[[ The data open ]]

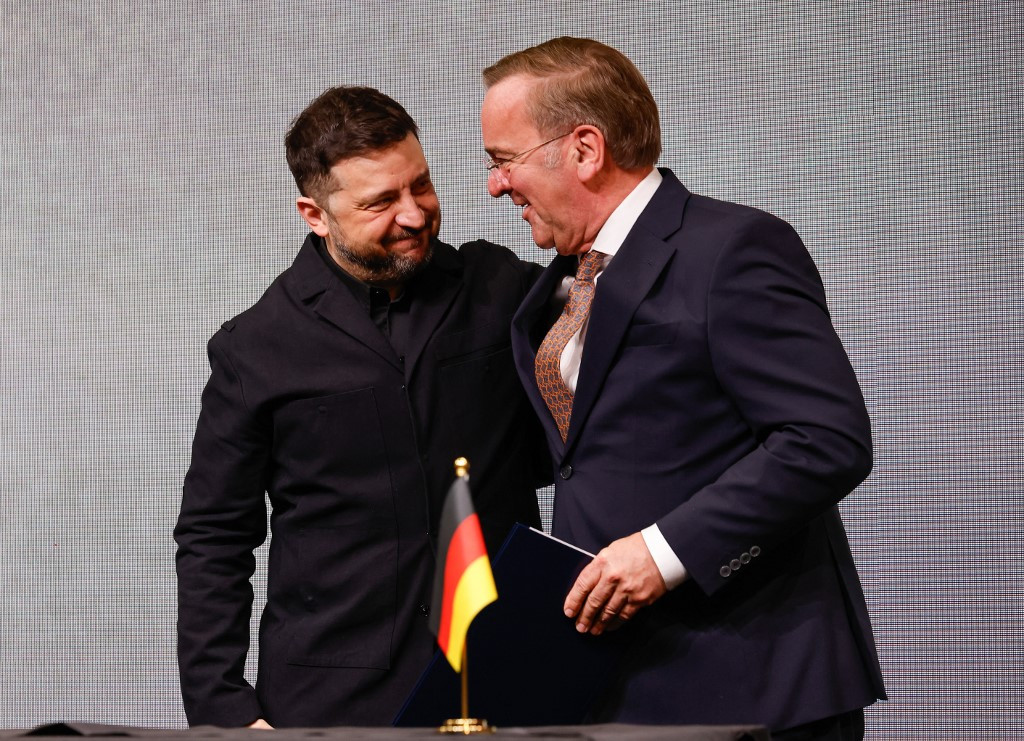 Zelensky Arrives in Munich, Announces Plans for Joint Drone Production With Germany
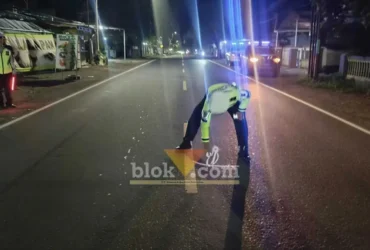Polisi saat lakukan olah TKP lakalantas antara dua motor, di Jalan Raya Banyuwangi-Situbondo, yang mengakibatkan salah seorang korban tewas ditempat, satu lainya luka berat, Jum'at (1/5/2026)(foto: Blok-a.com/Kuryanto)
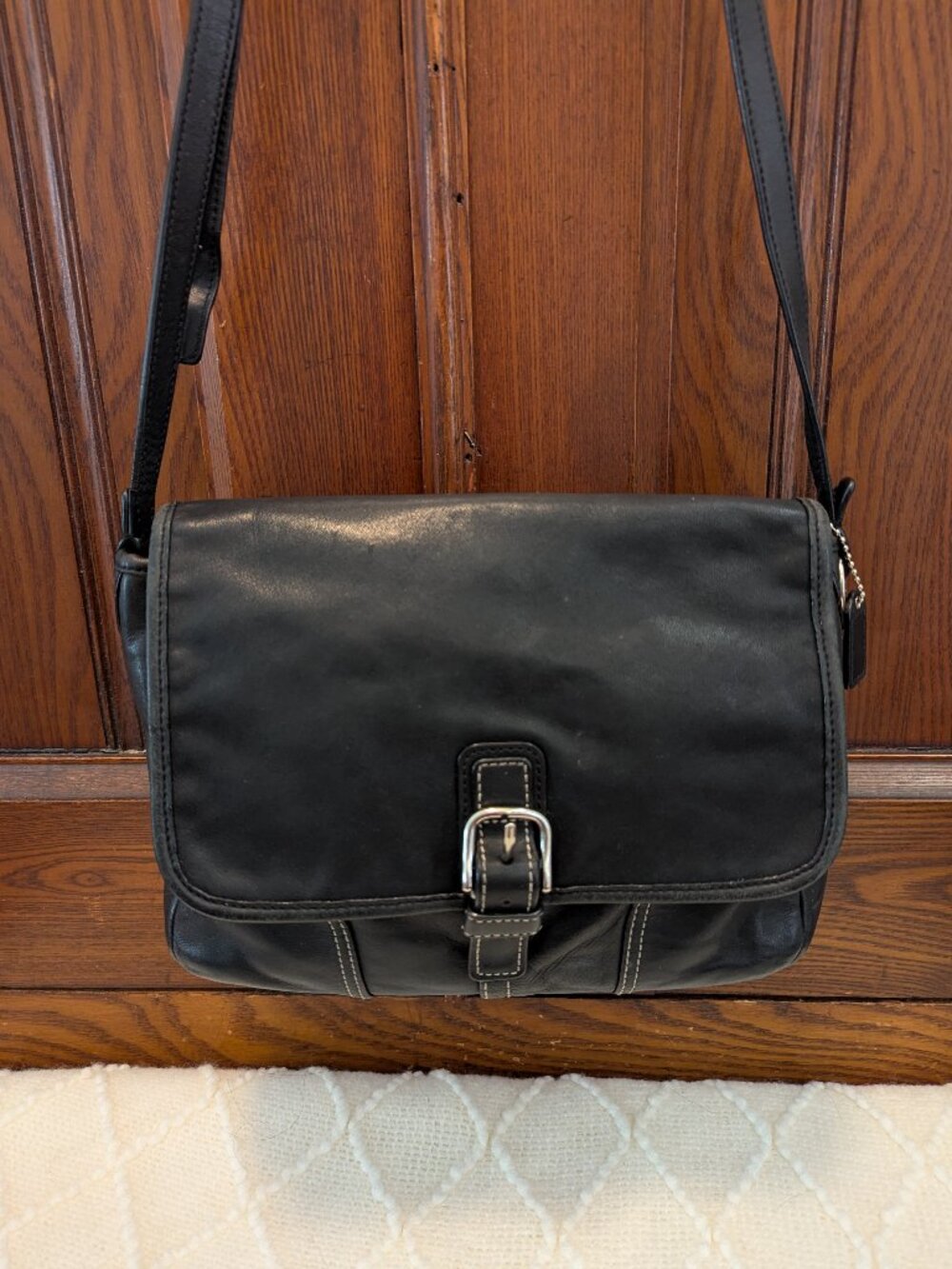 COACH Hadley Leather Field Bag Black Crossbody Buckle Flap Purse F30884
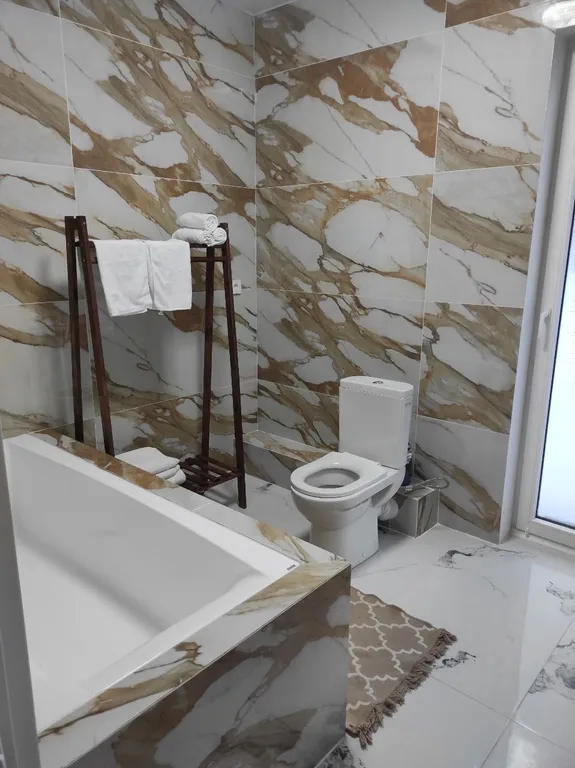 Коттедж Просторный дом — Лобня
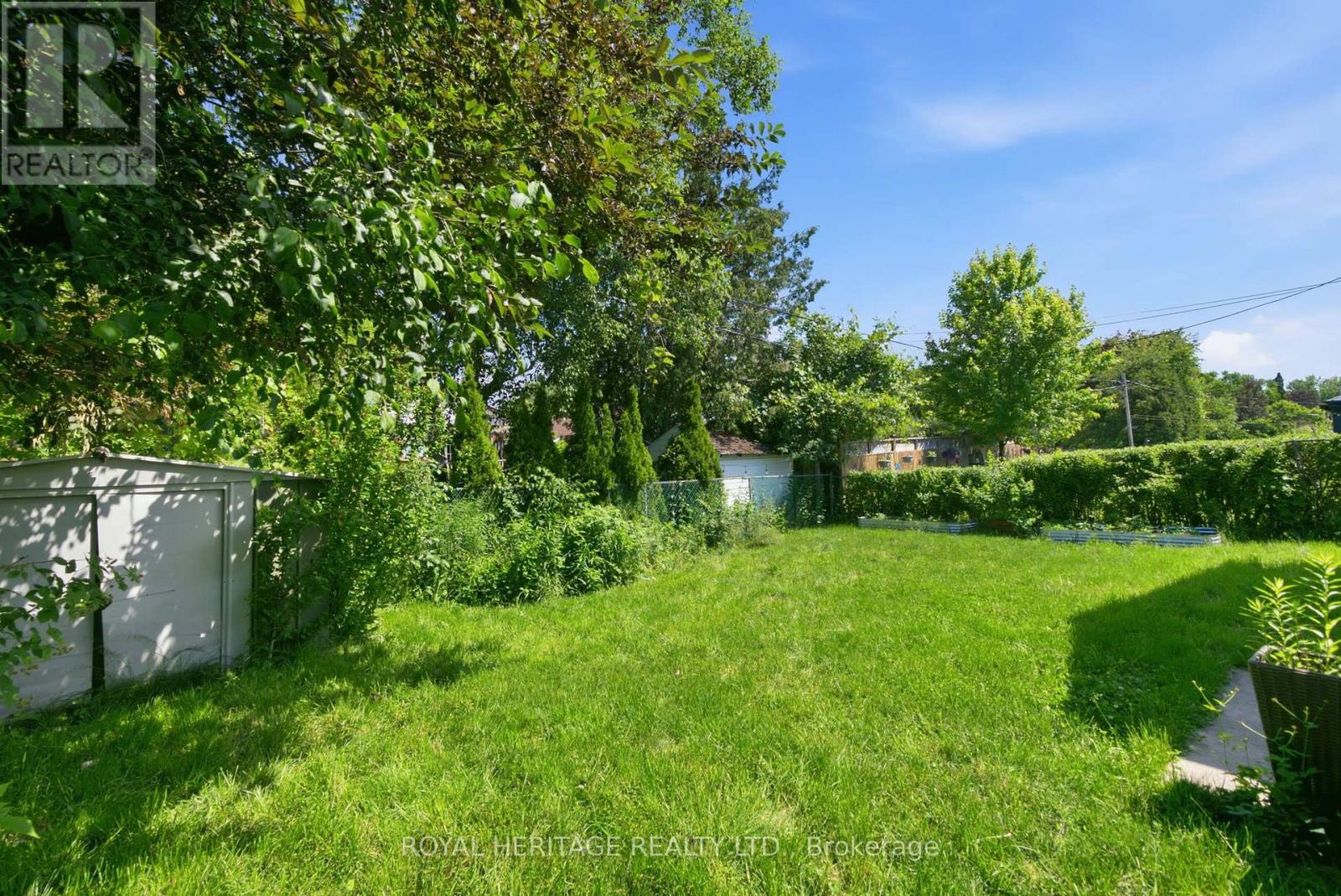 15 Golfhaven Drive, Toronto, Ontario  M1G 2C8 - Photo 35 - E13454554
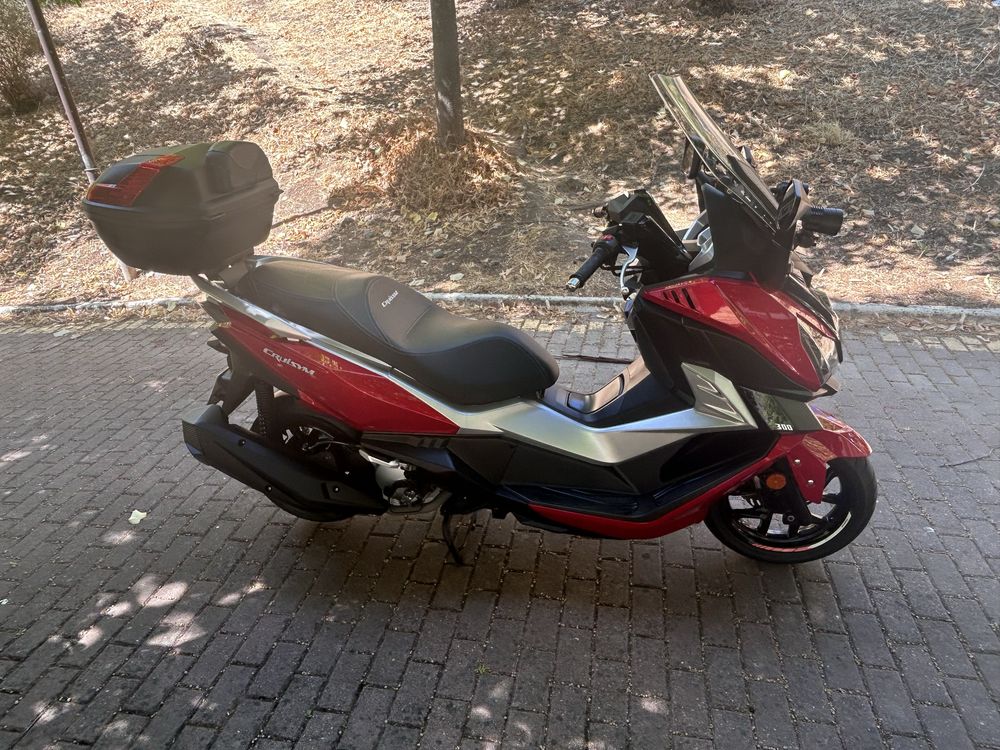 Sym Cruisym 300 ABS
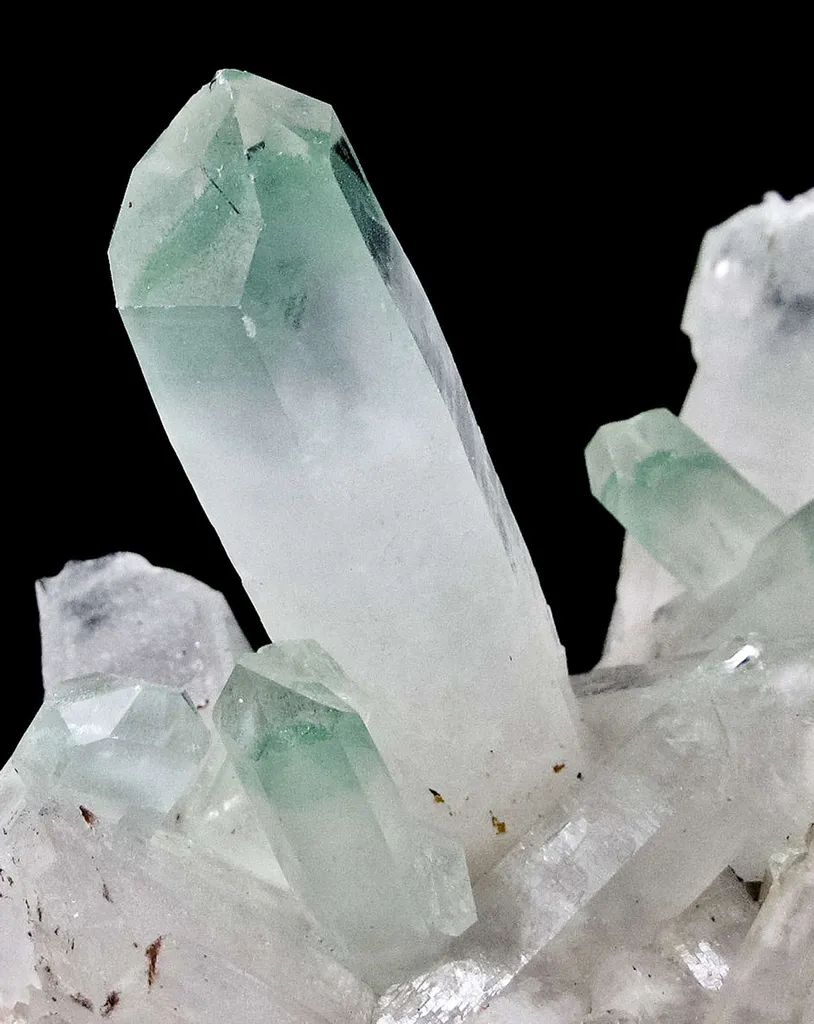 Quartz Included By Fuchsite - image 3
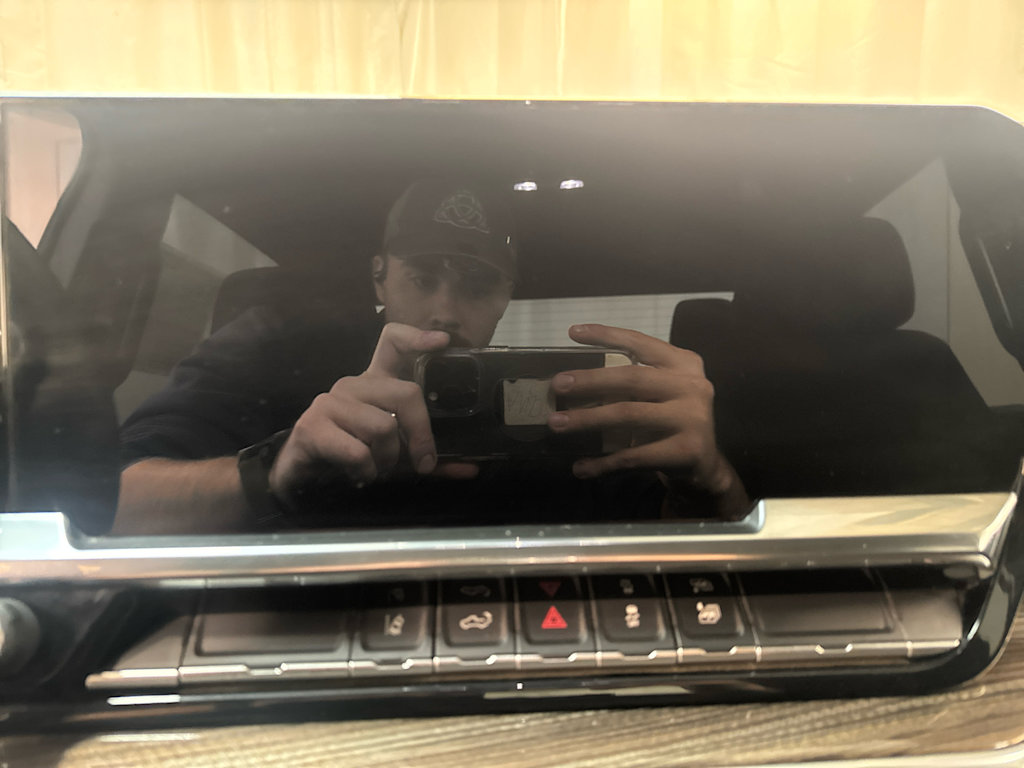 Thumbnail: 2025 Chevrolet Silverado 2500 - 21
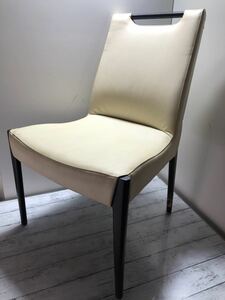 24M02-149N:【カリモク】 Karimoku チェア 座面高43ｃｍ 全高83ｃｍ 幅55ｃｍ ペットキズあり　椅子 
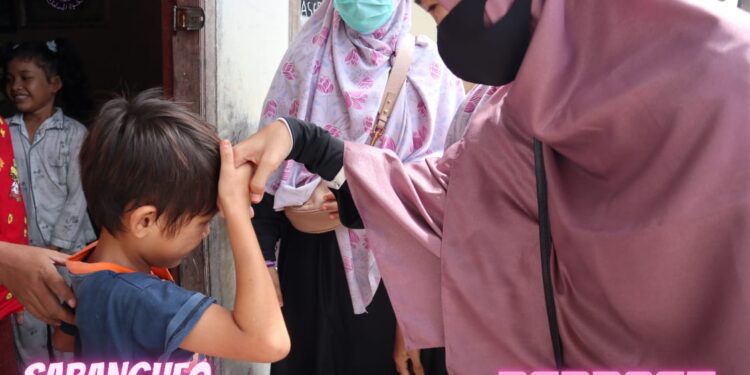 SALIMAH Singkil Berbagi Imfaq Kepada Anak Yatim Dan Dhafa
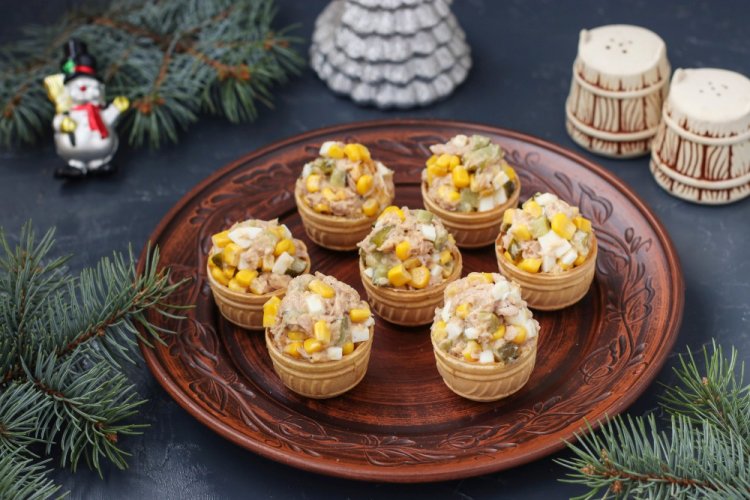 New Year's Tartlets with Tuna and Corn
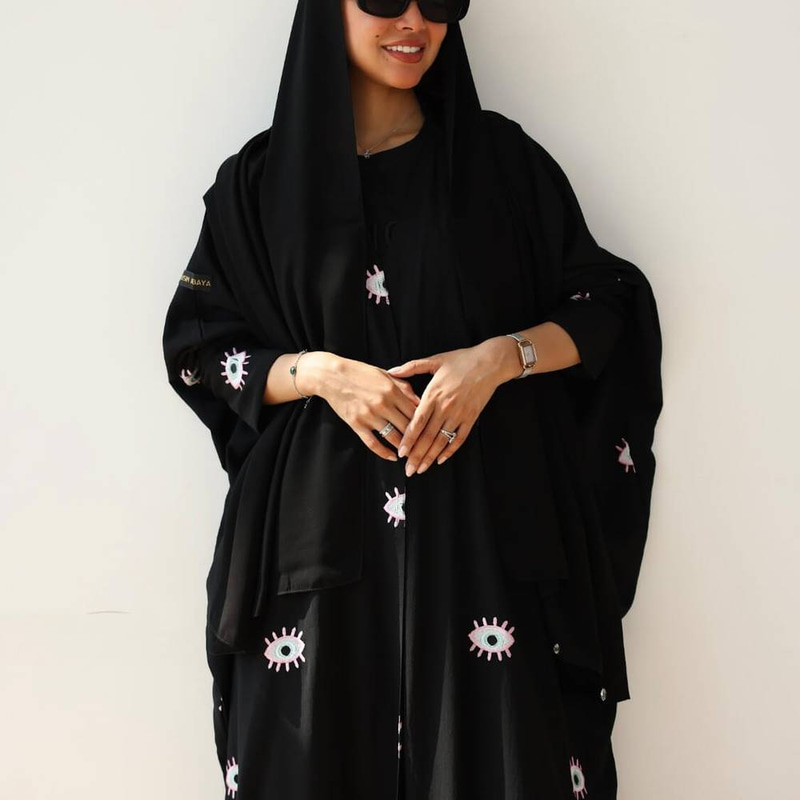 عباية لف سوداء مزينة بتطريز العيون 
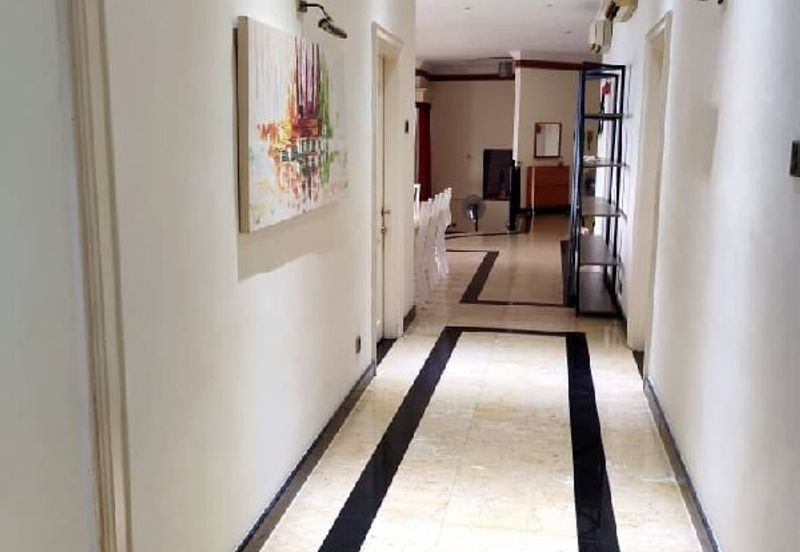 Villa Putra Condominium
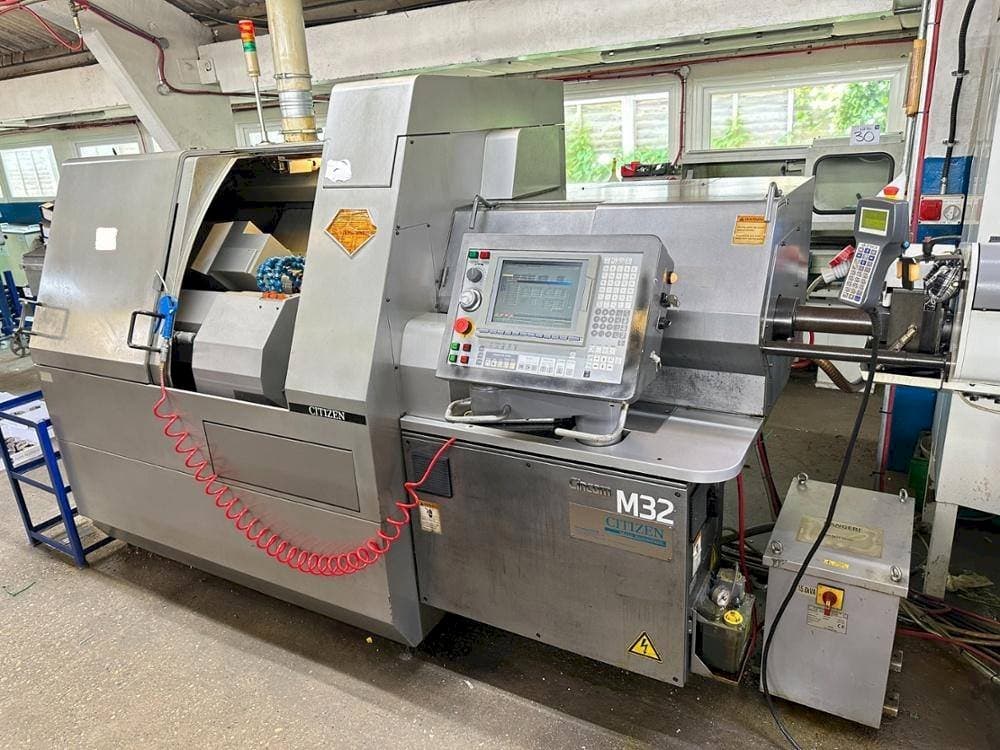 Koneen  Citizen M32V etunäkymä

[[ The data closed ]]

* Exercise objective *
Write out again, exactly, each line from the one with "عباية لف سوداء مزينة بتطريز العيون" to the end of the entries. No pictures go in.

* Response to the task *
 عباية لف سوداء مزينة بتطريز العيون 
 Villa Putra Condominium
 Koneen  Citizen M32V etunäkymä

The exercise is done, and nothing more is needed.